Work order: Your output should be the lines below from the one holding "Gift basket My" through the one holding "MARSİLYAN™- iPhone 11", transcribed exactly, with no pictures.

Supplied material:
* * * * * * * * *

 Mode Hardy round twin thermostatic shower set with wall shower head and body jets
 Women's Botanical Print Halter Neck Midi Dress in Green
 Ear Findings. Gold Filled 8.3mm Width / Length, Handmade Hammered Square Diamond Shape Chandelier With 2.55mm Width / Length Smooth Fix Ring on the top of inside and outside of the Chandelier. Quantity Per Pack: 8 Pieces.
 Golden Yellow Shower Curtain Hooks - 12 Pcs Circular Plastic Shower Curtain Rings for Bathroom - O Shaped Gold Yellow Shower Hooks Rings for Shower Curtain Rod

* * * * * * * * *

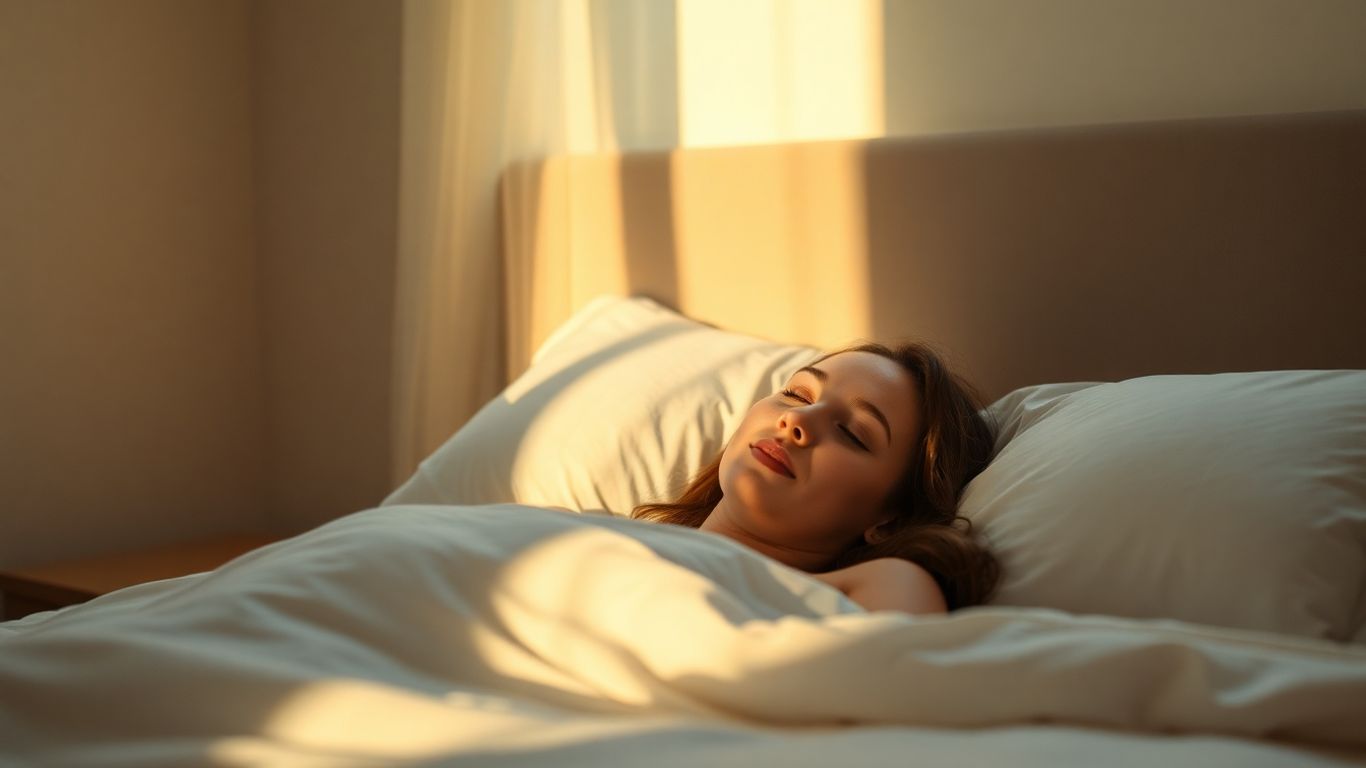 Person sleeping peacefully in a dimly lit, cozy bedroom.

* * * * * * * * *

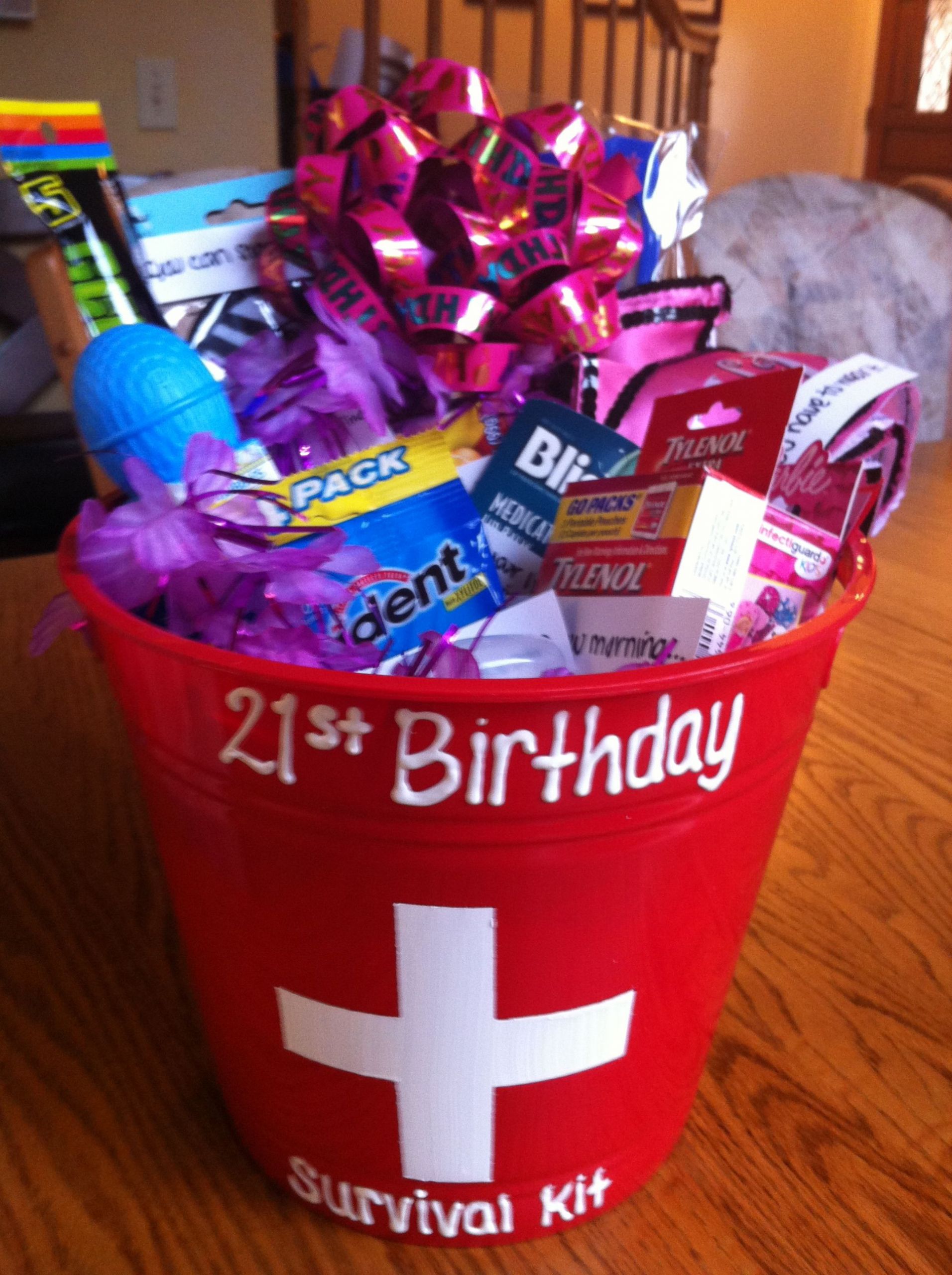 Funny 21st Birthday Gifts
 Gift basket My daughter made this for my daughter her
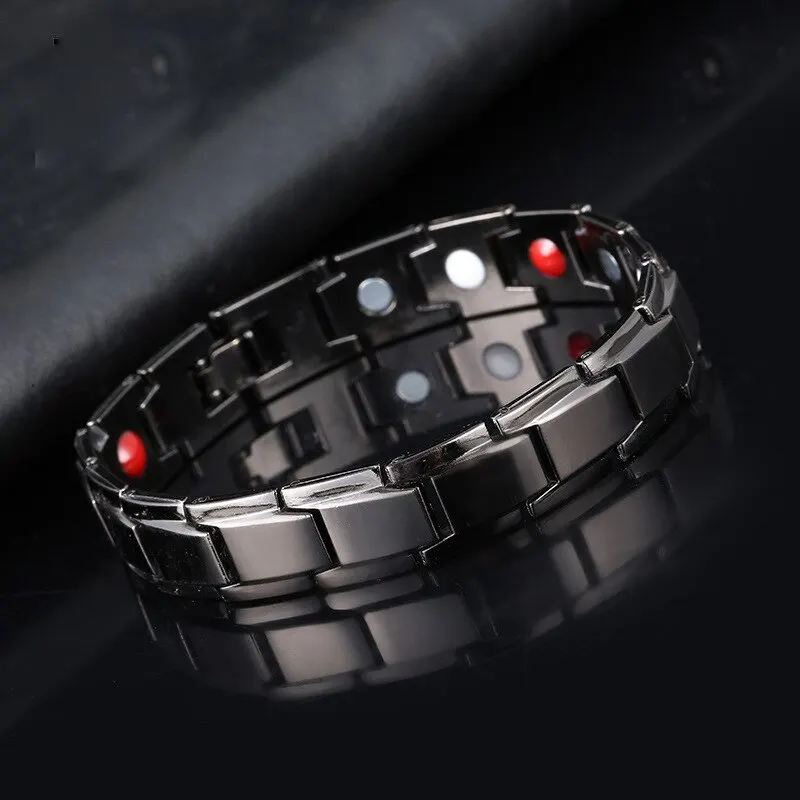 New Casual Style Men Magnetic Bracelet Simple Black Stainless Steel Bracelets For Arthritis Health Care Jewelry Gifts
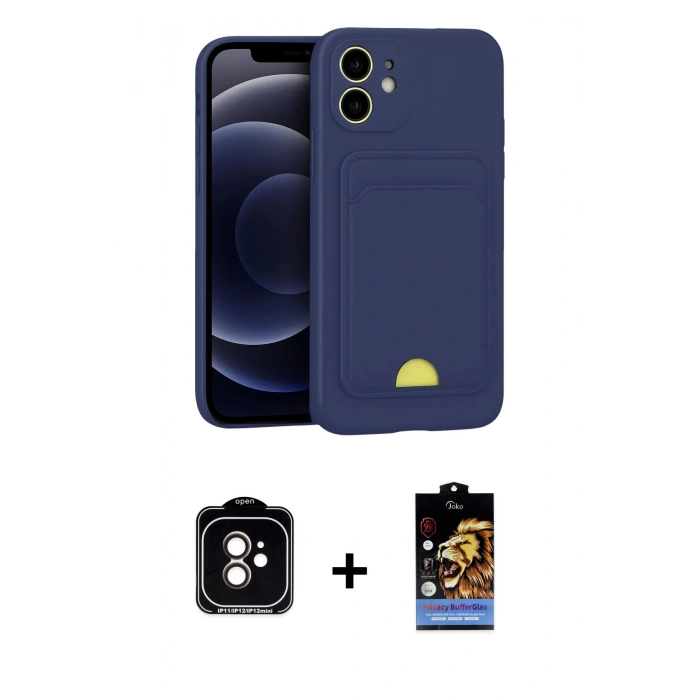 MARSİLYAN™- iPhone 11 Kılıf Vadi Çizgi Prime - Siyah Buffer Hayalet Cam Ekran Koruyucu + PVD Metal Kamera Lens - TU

* * * * * * * * *

Your response:
 Gift basket My daughter made this for my daughter her
 New Casual Style Men Magnetic Bracelet Simple Black Stainless Steel Bracelets For Arthritis Health Care Jewelry Gifts
 MARSİLYAN™- iPhone 11 Kılıf Vadi Çizgi Prime - Siyah Buffer Hayalet Cam Ekran Koruyucu + PVD Metal Kamera Lens - TU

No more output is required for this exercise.